= Charles Gioe =

American gangster

Charles Gioe

Charles Joye "Cherry Nose" Gioe (February 6, 1904 – August 18, 1954) was an American mobster and lieutenant in the Chicago Outfit crime family who was a partner in the Hollywood extortion scandals of the 1940s.

==Biography==

Charles Joey Gioe was born on February 6, 1904. He became a high-ranking lieutenant for the Chicago Outfit, specializing in extortion and blackmail, under Frank Nitti after Al Capone's 1931 tax evasion conviction. In 1936, Gioe went to Des Moines, Iowa to expand syndicate operations. He eventually returned to Chicago, leaving underboss Louis "Cock-Eyed Louie" Fratto in control of the Des Moines operations. During the mid-1930s, Gioe, Paul "The Waiter" Ricca and Louis "Little New York" Campagna, began financially supporting extortion operations by Willie Morris Bioff and George Brown against Hollywood movie studios. In exchange for annual payoffs to the Outfit, the mob-controlled projectionist unions would refrain from labor strikes and disruptions.

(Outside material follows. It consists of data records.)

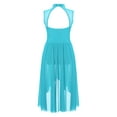 thumbnail image 4 of iEFiEL Kids Girls Modern Lyrical Dance Leotard Dress Sleeveless Rhinestone High-Low Hem Dancewear Modern Contemporary Dance Dress Turquoise 14, 4 of 7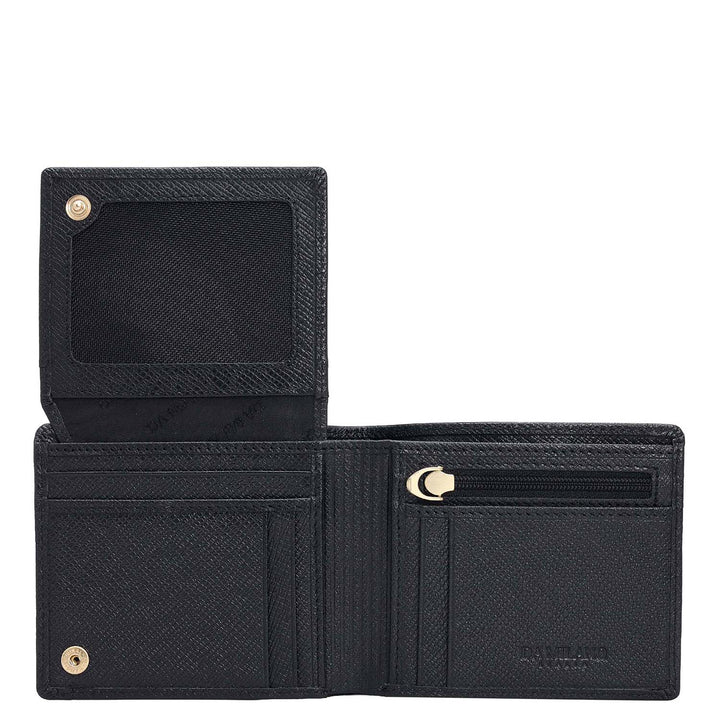 Black Bifold Leather Mens Wallet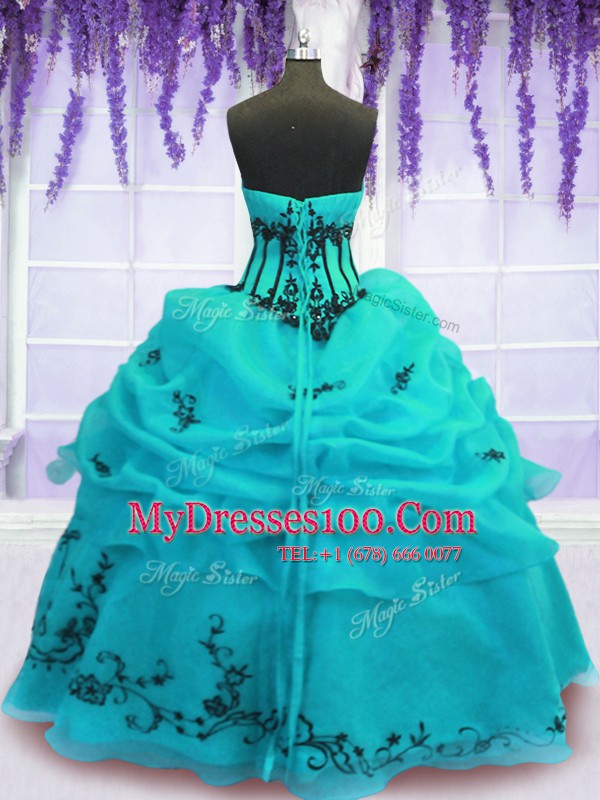 Glorious Floor Length Ball Gowns Sleeveless Turquoise 15 Quinceanera Dress Lace Up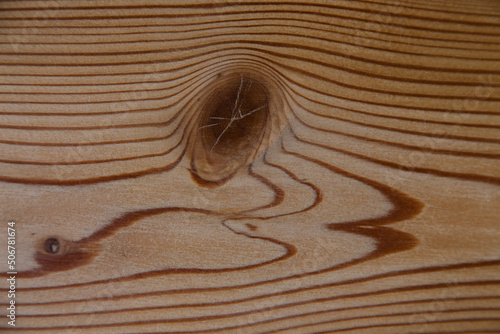 Fotografie The wall is made of larch planks covered with a colorless varnish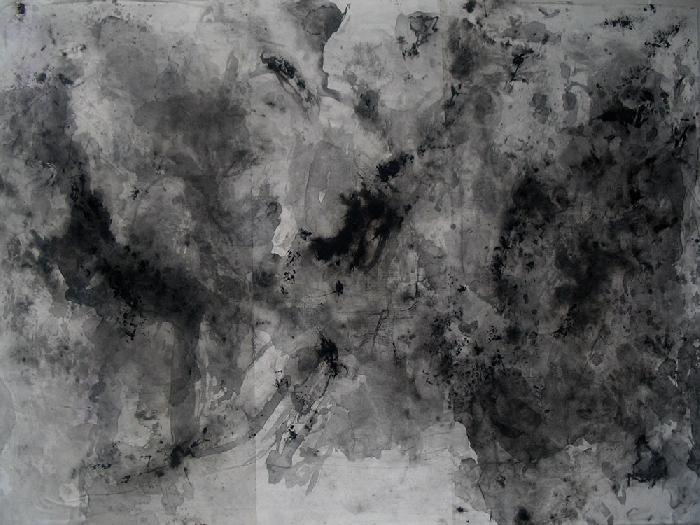 Terre 12 2006, inks, pigment, acrylic, Japanese paper, laid down on canvas, 116x 89 cm. 
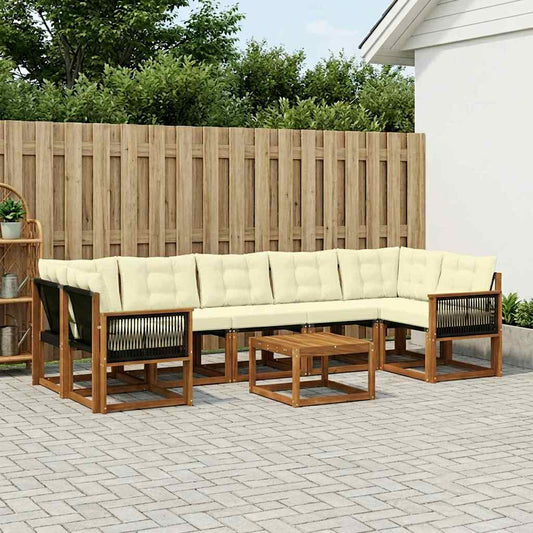 Set di divani da esterno con cuscino 8 pcs Naturale e Crema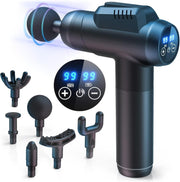 Deep Tissue Massage Gun 99 Speeds LCD Touch Screen 6 Heads Muscle Relief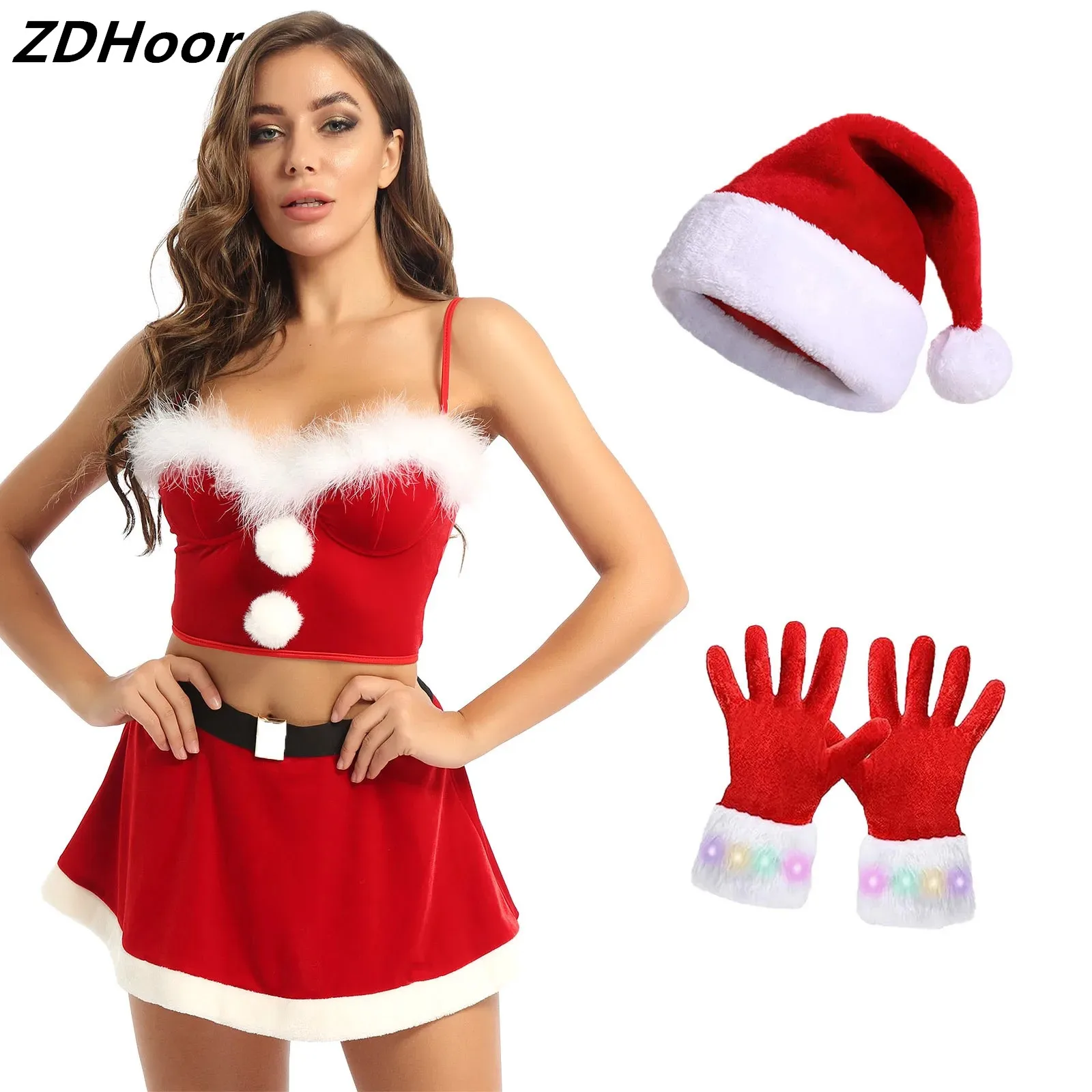 

Womens Christmas Party Velvet Outfit Adjustable Spaghetti Strap Bustier Bra Crop Top with Skirt Hat Glitter Faux Fur Trim Gloves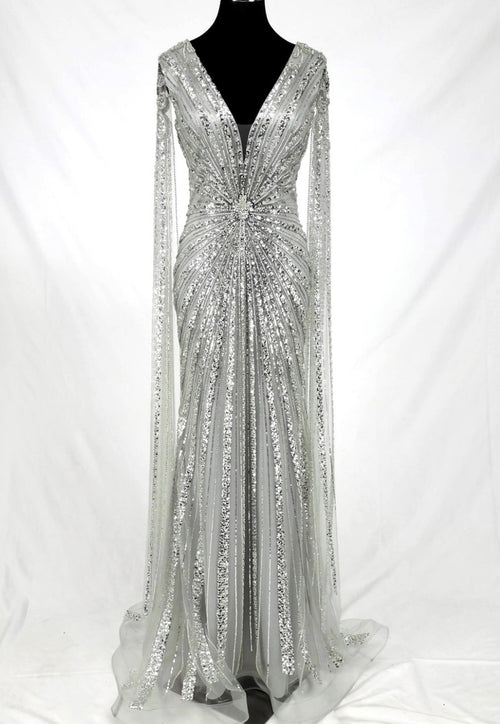 Chicas C840 Evening Black Floor-Length Sequin Shimmer Fabric Dress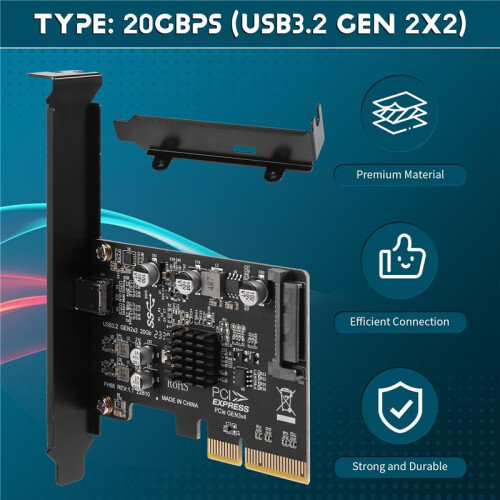 USB PCIE-Kort Typ C PCI-Express 4X Till USB 3.2 Gen 2X2 (20Gbps) ASM3242 Chipset för Windows 8/10/Linux 2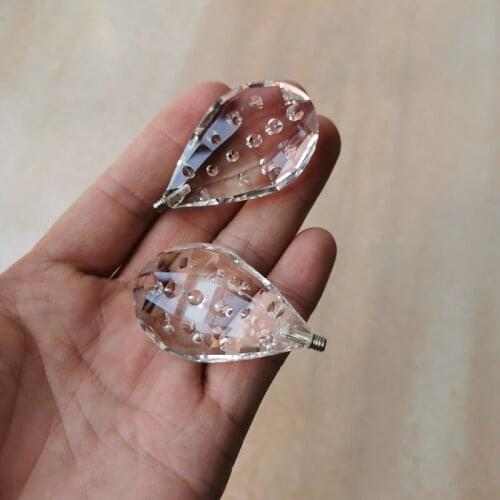 50mm clear pipa Chandelier Crystal with pits Hanging Pendants with m4 screw Shinning Prisms Chandeliers accessories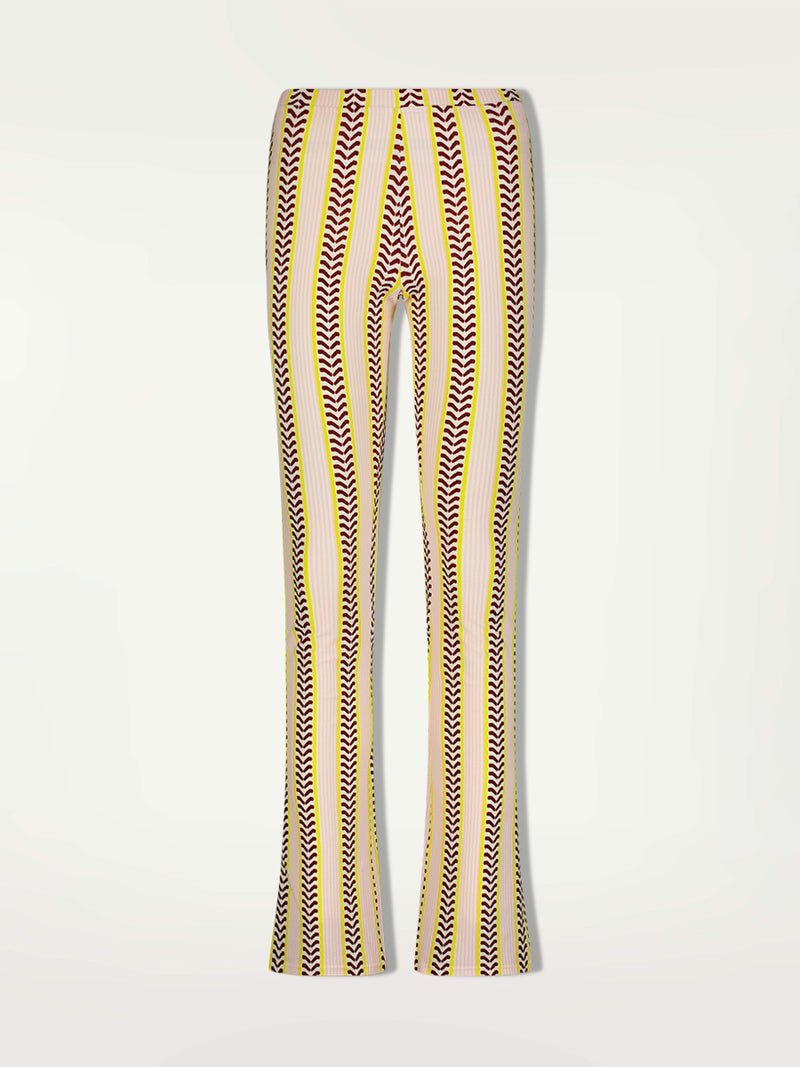 Product Front Shot of a Zula Flared Pants featuring delicate pink stripes with a bold chevron patterned ribbon, along with muted hues of pink, burgundy, and a bright citrus hue.
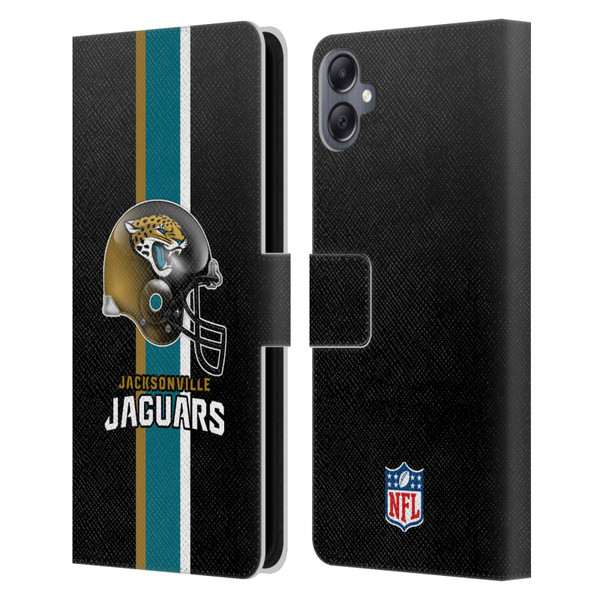 NFL Jacksonville Jaguars Logo Helmet Leather Book Wallet Case Cover For Samsung Galaxy A05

In the late 1930s, the extortion racket was busted by law enforcement. On March 18, 1943, Gioe, Ricca, and Campagna were indicted for extortion; Bioff and Browne agreed to testify against them. On December 31, 1943, Gioe was convicted of extortion and sentenced to ten years in prison. Gioe was later paroled (along with the other syndicate members) in 1947, despite protests from Senator Estes Kefauver. Upon his release, Gioe became second to Ricca and Campagna as the top Chicago syndicate leader.

On August 18, 1954, Charles Gioe was shot to death by Mafia soldiers controlled by Joseph "Joey" Glimco after he accidentally interfered in a dispute Glimco was having with a contractor building a Howard Johnson's restaurant.